Today, much is referred to as “problematic.” From your jokes to turns of phrase, the idea that you would emulate something from a culture that isn't yours, the fact of your job or choice of associations. One way or another, you're always the problem, killing the planet, fueling capitalism, capitulating just inadequately enough to the incensed to remain frosty for a target bigger than you. “Identity” is up for grabs, and those on the attack will be dammed that you get to dictate yourself before they're done thrashing.
Writing is my perpetual grasp at an identity. Some of my most persistent memories are of being curious how to engage the world. I didn't know how the adults could sit around a table and talk for hours. I didn't know how people answered questions on game shows. I didn't know what it was to be charming more than fumble within mutual immaturity. Abstract concepts remained that way because it didn't occur to me to unpack every syllable that gave me pause. I want to know better. I want to do better. I want it to be easier and easier with each attempt. I want to fit everywhere I go.
Of course, I'm me. I don't fit. I imitate. I adopt the language. I build an entire psychological housing for a perpetually defiant and spiteful narrative underpinning my motivation and instincts. “Fuck you, watch me.” I can't speak to people without pissing them off. If it isn't that viscerally demonstrative, they maintain a defensiveness almost by default. I'm reflexively critical. I exist in a state of doubt. I'm daring you to be accountable to your word. I'm longing for the recognition of what mine is worth.
“Me,” is not something that can “go with the flow.” I have to speak up. I get headaches when I don't. I feel sick to my stomach. I clench my jaw. Mind you, none of these things happen when I'm merely managing or working through something difficult. I can do physical labor all day and not clench my jaw. I can try to parse every word in some argument and not have a headache while doing so. I don't feel sick at the prospect of starting or running a company. Those conditions are inflicted upon me when they arise from avoidable circumstances. When I can recognize the environment as destroying me, and can't change it myself nor expect you to give a damn, I suffer. Or worse, I can change it, but it means I have to get that much colder or ambivalent about you.

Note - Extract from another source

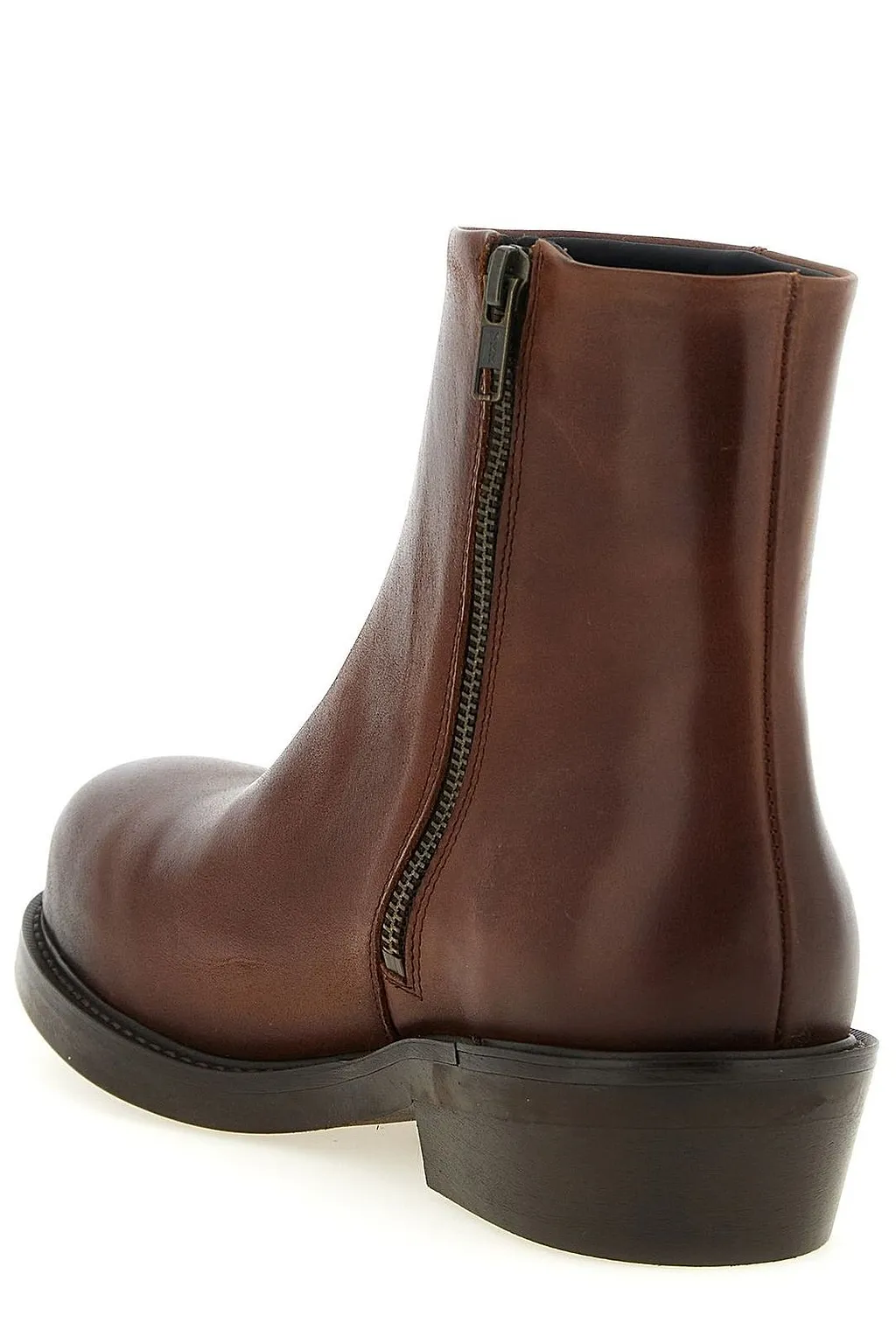 SÉFr Lerato Side-Zip Ankle Boots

I haven't found a good fix for this. I'm occupying many environments at once. I can always alleviate the pressure here and there by putting a show on, putting you on mute, or wrapping myself up in some physical task. But, overall, my environment is not the one I want. It's still begging for the bills to get paid. It's still feeling the giant “fuck you” from the organizations I've worked for. It's still dependent on the sense of time and agency from people who've likely consigned themselves to miserable fates years ago.

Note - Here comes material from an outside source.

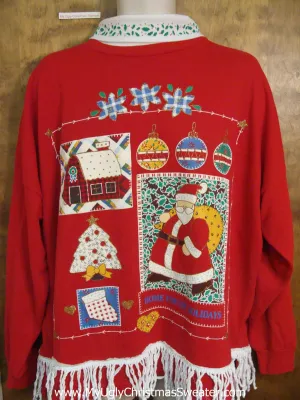 Horrible 80s Tacky Funny Novelty Christmas Sweatshirt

I need a partner. I don't mean romantically necessarily. I need to meet my match about some foundational things. I need someone who sees things as urgently as I do. I need someone who has just a touch of elevated yet healthy anxiety about waiting just one more day. I need more tangible examples of what I know I'm worth to act as a balance against the distractions of time in between.
I shouldn't have to have “dumb” conversations about cause and effect or what constitutes “work.” I think a component of my “new” anxiety is how much more precious every second of wasted time on bullshit feels. I don't want to be in a dozen meetings and still left with nothing to do. I don't want to be having a meta or meta-meta-conversation analyzing why you can't give clear direction or complete a task in a time-respecting way, then positing it's really to do with my feelings that there's any real problem.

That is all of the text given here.